On 02/06/2018 06:04 PM, Ville Syrjälä wrote:
On Tue, Feb 06, 2018 at 11:59:37AM +0200, Oleksandr Andrushchenko wrote:
Hello, Ville!

Thank you very much for such a comprehensive answer.

Please see inline


On 02/05/2018 06:47 PM, Ville Syrjälä wrote:
On Mon, Feb 05, 2018 at 06:03:25PM +0200, Oleksandr Andrushchenko wrote:
Hello,


I have a DRM driver which implements display protocol for Xen [1]
and this protocol has a dedicated XENDISPL_OP_PG_FLIP request which
tells the other end that some display buffer needs to be displayed,
e.g. it is issued by the frontend DRM driver to the corresponding
backend when the former wants to display a buffer.
Two notes:
1. Communication between two remote parties can obviously fail.
2. At the moment only primary plane is supported, so we can think of
the display buffer as of CRTC's primary fb.

There are two APIs available for user-space to initiate a page-flip
(please correct me if I am wrong here): legacy via DRM_IOCTL_MODE_PAGE_FLIP
and more recent via DRM_IOCTL_MODE_ATOMIC. My current implementation
(which is 4.9 based) uses drm_crtc_funcs.page_flip callback to send
XENDISPL_OP_PG_FLIP request to the backend, so if communication fails
I can return an error code, so the DRM core knows that page flip
cannot be done.

But now I am about to enable page flipping via DRM_IOCTL_MODE_ATOMIC for
which this happens without DRM_IOCTL_MODE_PAGE_FLIP, but via .atomic_check +
.atomic_flush callbacks.

The solution I have in mind is that I move the XENDISPL_OP_PG_FLIP request
to the .atomic_flush callback which seems to be the right place to serve
both DRM_IOCTL_MODE_PAGE_FLIP and DRM_IOCTL_MODE_ATOMIC (is this?).

The questions I have with this are:

1. What is the framebuffer I can send to the backend?
I assume I can use crtc->primary->fb from
drm_crtc_helper_funcs.atomic_flush,
is this assumption correct?
Planes are explicit in the atomic world, so you should just deal with
the plane if and when it's part of the drm_atomic_state.

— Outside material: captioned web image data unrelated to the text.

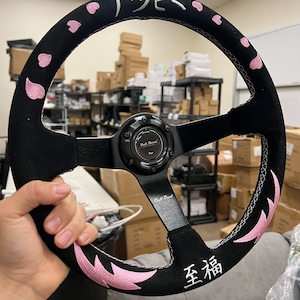 May include: Black steering wheel with pink cherry blossom accents and Japanese characters. The wheel has a black center and spokes, with white stitching and the text "Doll Boost Performance".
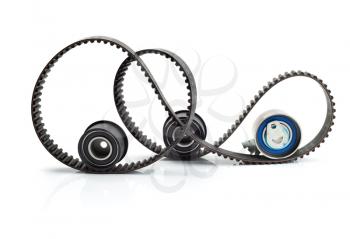 Timing belt, two rollers and the tension mechanism. Isolate on white background.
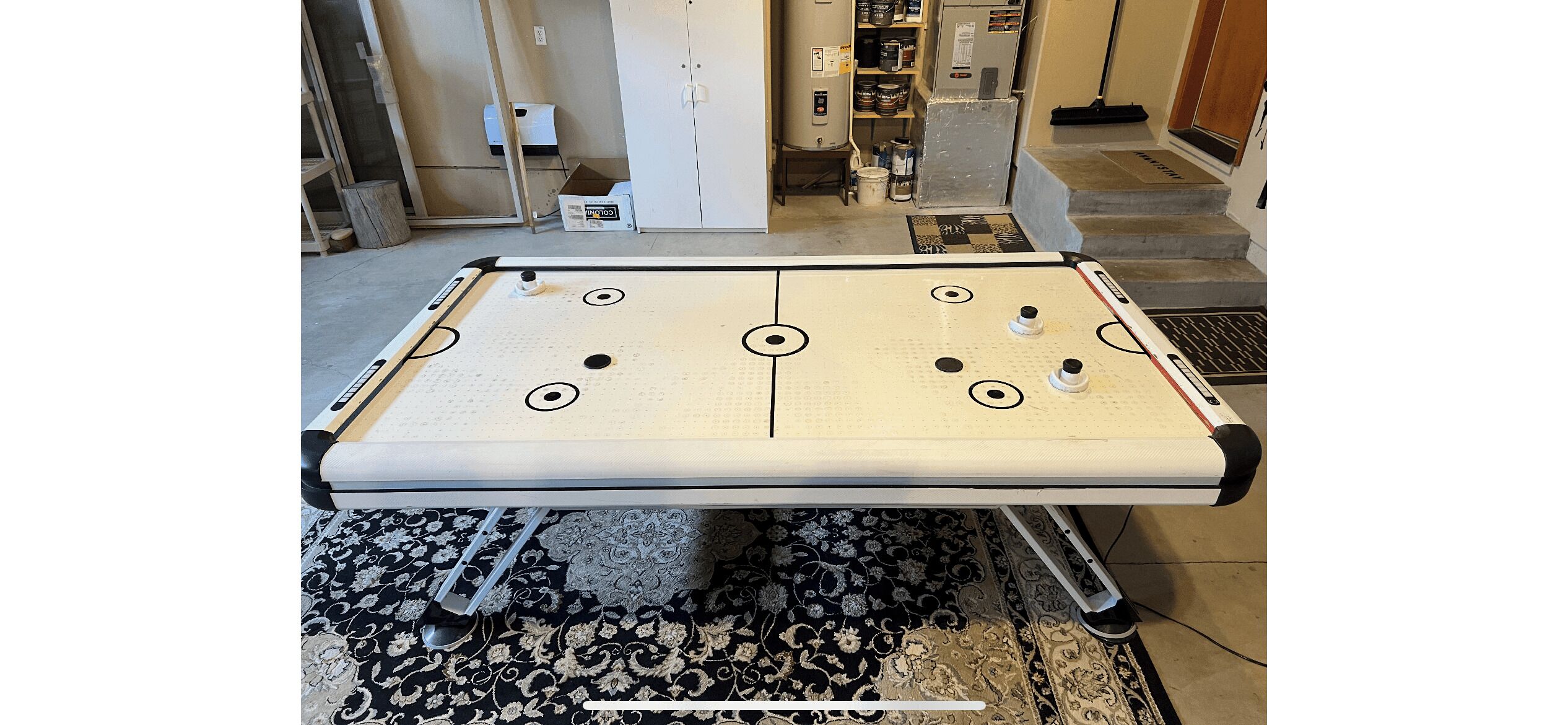 A pool table in a room with a patterned rug, a white cabinet, and a staircase.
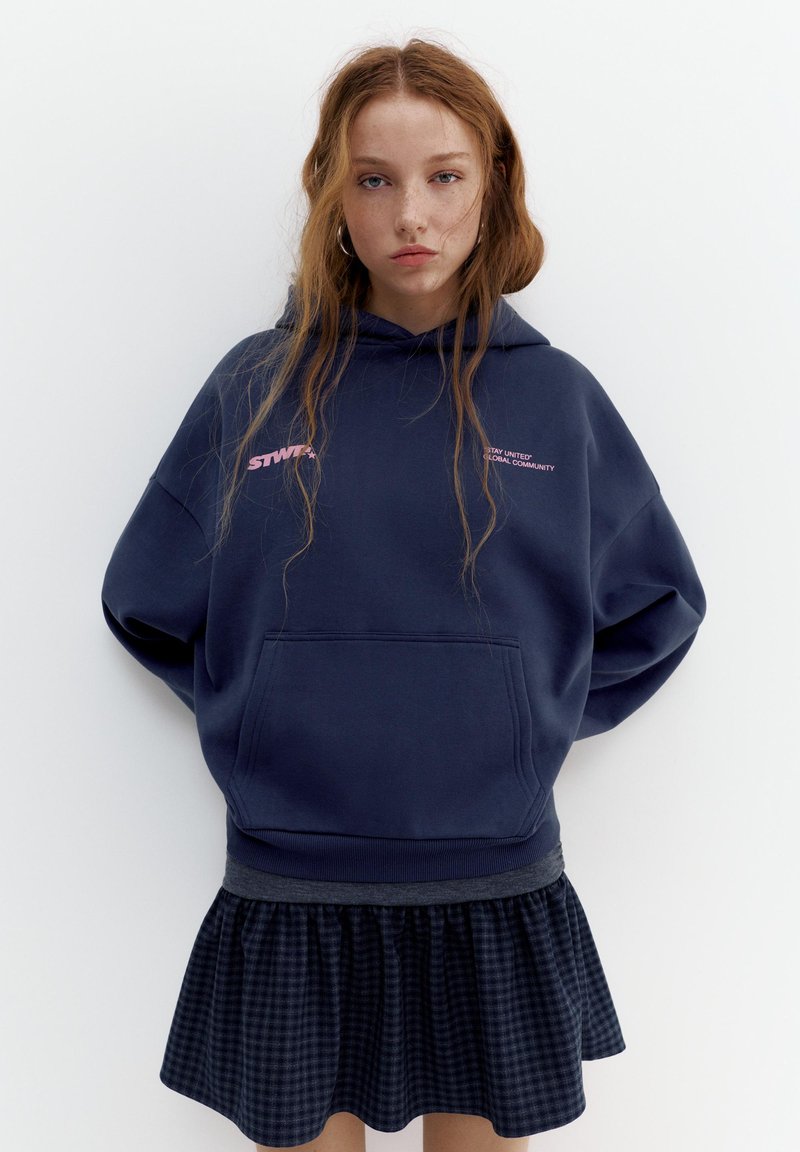 Giovane donna con lunghi capelli rossi che indossa una felpa con cappuccio blu navy con scritte rosa e una gonna scura a quadri, in piedi davanti a uno sfondo bianco.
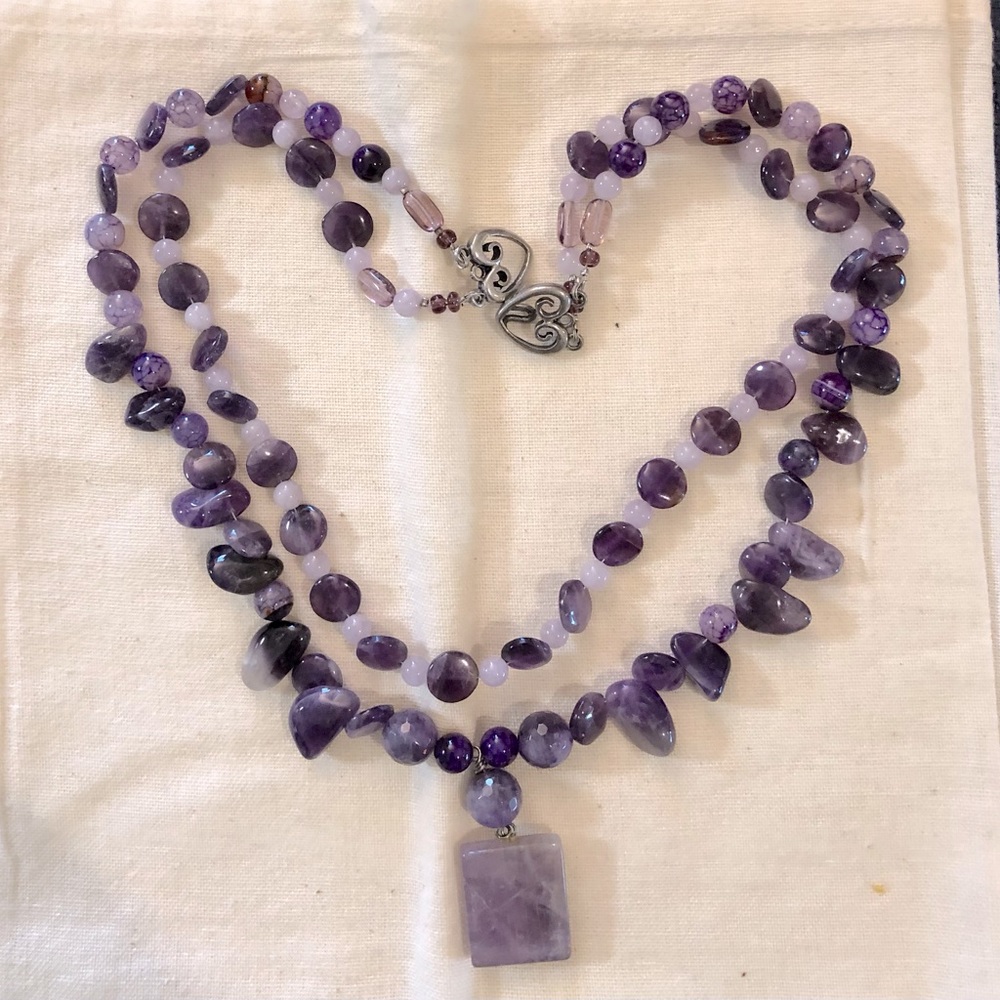 Single strand amethyst, and bead necklace with stone pendant.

Look at eg.
drm_atomic_helper_commit_planes() how to figure out what's in the
state.
Yes, this is clear. The question was about the frame buffer
I get in drm_crtc_helper_funcs.atomic_flush which only has
old_crtc_state, so I assumed I can use crtc->primary->fb there.
Or you mean I have to dig into old_crtc_state->state to find
out if there is a plane and if it has a frambuffer and if so
use it instead of crtc->primary->fb?
You will get the plane explicitly as part of the drm_atomic_state.
Normally you shouldn't need to go find it via other means.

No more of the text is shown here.